In 2010 a British woman who was celebrating her engagement reported she had been raped in a hotel toilet. The only people who were arrested were her and her fiancé who were charged with drinking and unlawful sex. When she withdrew her statement the charges were dropped. She was interrogated by five male police officers who she says were only interested in quizzing her about her preferred sexual positions.
Again in 2010, this time in Abu Dhabi, the police jailed an 18-year-old Emirate woman who reported being gang-raped by six men, one of them a police officer. The men were not charged but she faced 100 lashes and a minimum of three years in prison for extramarital sex. When she appeared in court, shackled and dressed in inmates clothing, she rescinded her allegations and was released.
Ayman Najafi and Charlotte Adams were arrested in Dubai for kissing in a restaurant. The complaint was lodged by a woman who said she was offended by their behavior.
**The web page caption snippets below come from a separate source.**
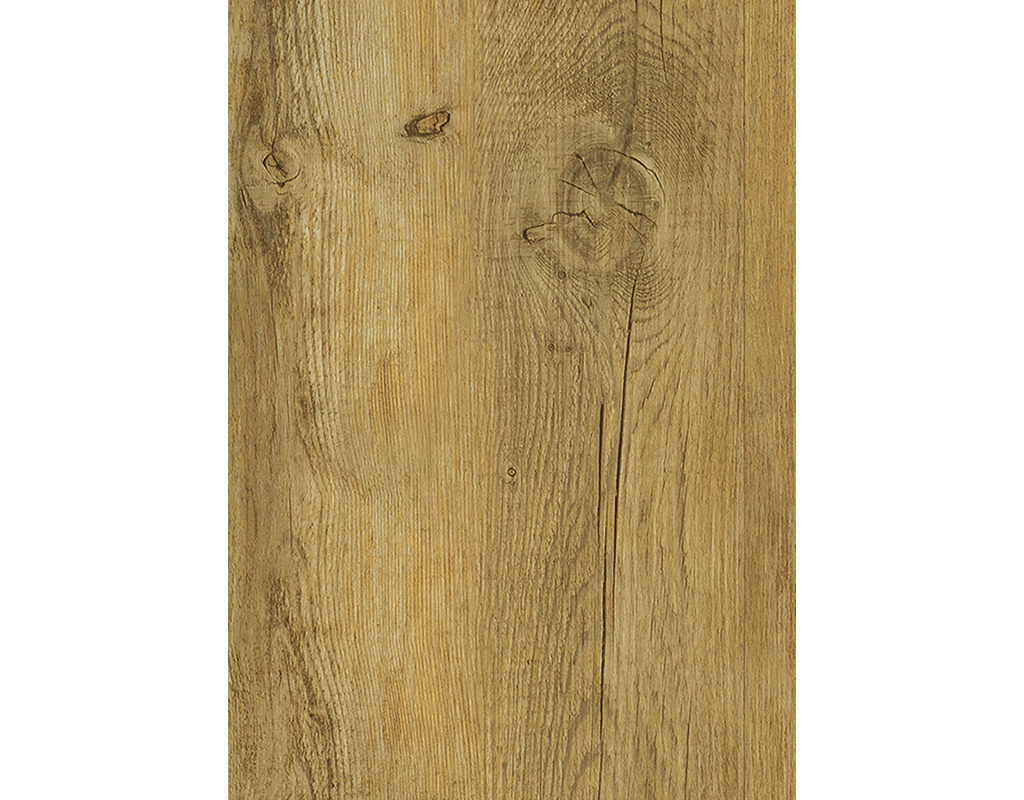 Mikolan Design-Mineralboden Fichte Jackson HotCoating 1235x200x8,5mm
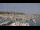 Webcam in Saint-Raphaël, 0.7 mi away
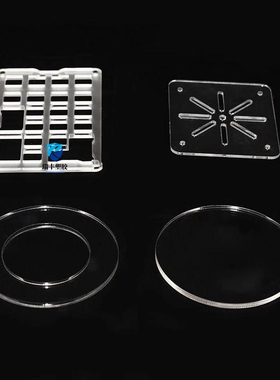 PET胶片/PVC胶片/PP胶片/PC胶片模切成形/雕刻成形/来图定制加工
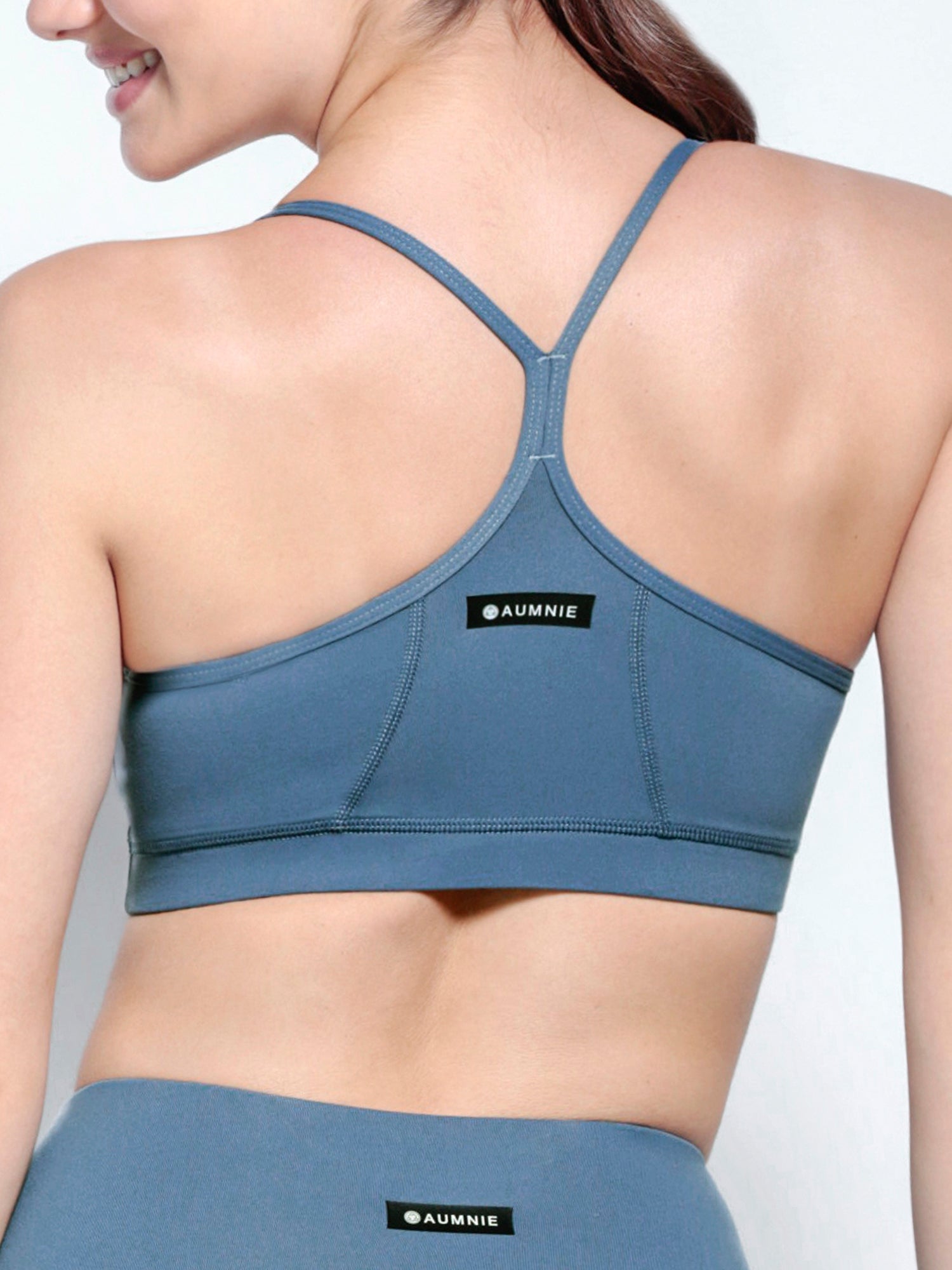 ENDLESS BRA 2.0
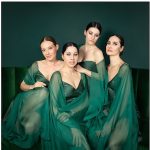 İDSO DenizBank Konserleri’nde Şef Hasan Niyazi Tura ve Le Div4s’le yılın finali!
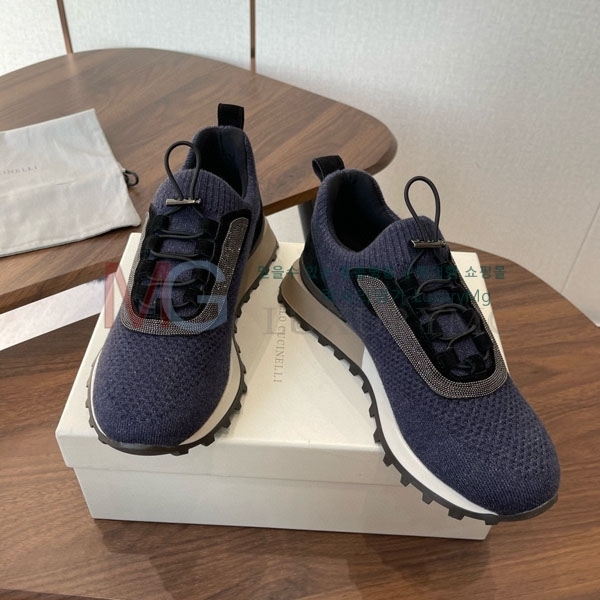  ڷ ġڸ Ŀ BC-66003-4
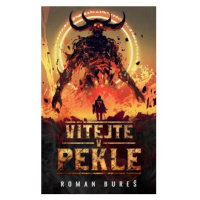 Vítejte v Pekle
The woman had not actually seen the kiss, but had been told by her two-year-old daughter that the she had seen them kissing. The couple claimed they had merely kissed on the cheek but the judge upheld the conviction.
An Indian couple in their 40s were sentenced to three months in jail in Dubai for sending each other sexually explicit text messages.
These are not isolated cases. There are over 6000 arrests on Dubais beaches ranging from infractions such swimming fully clothed to kissing in public. Just because Marte Dalelv was released means nothing in the broad picture.